§ **Exercise aim**: Every line below that has the word "Thumbnail" counts once; report how many lines that makes, with no other words.

Top of Data to process

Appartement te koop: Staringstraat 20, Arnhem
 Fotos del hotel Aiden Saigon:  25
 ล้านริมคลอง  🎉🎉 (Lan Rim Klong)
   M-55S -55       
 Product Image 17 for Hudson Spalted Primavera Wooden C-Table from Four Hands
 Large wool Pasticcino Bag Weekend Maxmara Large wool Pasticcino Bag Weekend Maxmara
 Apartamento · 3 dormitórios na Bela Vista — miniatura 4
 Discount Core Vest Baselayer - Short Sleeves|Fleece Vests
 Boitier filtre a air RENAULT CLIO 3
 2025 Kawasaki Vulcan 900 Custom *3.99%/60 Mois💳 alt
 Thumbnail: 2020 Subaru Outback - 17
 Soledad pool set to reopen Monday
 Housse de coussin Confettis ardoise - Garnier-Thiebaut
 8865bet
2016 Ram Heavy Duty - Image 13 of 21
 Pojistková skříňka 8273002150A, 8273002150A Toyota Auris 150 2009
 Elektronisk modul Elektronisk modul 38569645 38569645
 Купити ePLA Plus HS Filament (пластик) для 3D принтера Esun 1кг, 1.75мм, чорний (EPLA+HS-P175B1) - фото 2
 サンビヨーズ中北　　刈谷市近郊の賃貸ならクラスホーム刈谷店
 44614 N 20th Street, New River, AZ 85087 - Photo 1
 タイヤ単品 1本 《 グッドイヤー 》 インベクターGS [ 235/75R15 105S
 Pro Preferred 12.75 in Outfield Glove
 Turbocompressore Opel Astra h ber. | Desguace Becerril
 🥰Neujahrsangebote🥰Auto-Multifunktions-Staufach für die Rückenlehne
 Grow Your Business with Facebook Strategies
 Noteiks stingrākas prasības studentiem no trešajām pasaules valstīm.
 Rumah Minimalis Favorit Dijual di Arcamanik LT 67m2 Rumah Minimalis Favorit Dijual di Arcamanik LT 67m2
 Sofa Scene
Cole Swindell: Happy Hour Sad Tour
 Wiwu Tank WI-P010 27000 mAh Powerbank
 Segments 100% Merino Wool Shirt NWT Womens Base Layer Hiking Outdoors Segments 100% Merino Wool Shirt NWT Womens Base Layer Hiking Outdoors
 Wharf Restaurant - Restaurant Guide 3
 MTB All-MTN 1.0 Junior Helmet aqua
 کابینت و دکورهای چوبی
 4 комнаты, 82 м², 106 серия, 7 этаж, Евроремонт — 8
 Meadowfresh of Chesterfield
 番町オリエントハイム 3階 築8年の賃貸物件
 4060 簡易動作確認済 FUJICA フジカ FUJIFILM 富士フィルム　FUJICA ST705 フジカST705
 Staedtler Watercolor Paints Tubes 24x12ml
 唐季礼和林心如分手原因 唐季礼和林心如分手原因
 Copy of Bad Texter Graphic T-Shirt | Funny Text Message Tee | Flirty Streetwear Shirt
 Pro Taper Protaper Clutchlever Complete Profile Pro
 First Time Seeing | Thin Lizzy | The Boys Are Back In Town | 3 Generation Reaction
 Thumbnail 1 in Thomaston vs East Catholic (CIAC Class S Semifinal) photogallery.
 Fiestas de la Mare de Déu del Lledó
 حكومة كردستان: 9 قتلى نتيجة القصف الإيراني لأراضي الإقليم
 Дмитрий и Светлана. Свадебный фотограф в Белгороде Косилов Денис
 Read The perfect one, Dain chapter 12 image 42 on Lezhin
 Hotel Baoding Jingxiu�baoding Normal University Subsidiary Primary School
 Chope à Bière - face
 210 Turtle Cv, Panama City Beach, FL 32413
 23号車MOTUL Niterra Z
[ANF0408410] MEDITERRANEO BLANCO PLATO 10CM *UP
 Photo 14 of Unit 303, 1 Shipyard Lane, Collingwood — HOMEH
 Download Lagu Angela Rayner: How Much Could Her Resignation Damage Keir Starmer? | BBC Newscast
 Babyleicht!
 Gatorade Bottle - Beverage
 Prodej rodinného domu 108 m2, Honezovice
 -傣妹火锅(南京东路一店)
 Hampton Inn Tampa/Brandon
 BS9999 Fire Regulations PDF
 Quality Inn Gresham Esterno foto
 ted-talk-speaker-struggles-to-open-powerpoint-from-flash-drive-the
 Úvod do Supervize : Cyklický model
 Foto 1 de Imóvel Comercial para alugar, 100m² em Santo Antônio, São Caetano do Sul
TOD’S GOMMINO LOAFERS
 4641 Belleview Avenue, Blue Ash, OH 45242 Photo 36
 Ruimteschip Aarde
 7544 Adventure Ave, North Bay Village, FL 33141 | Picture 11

Bottom of Data to process

§ **Answer space**: 2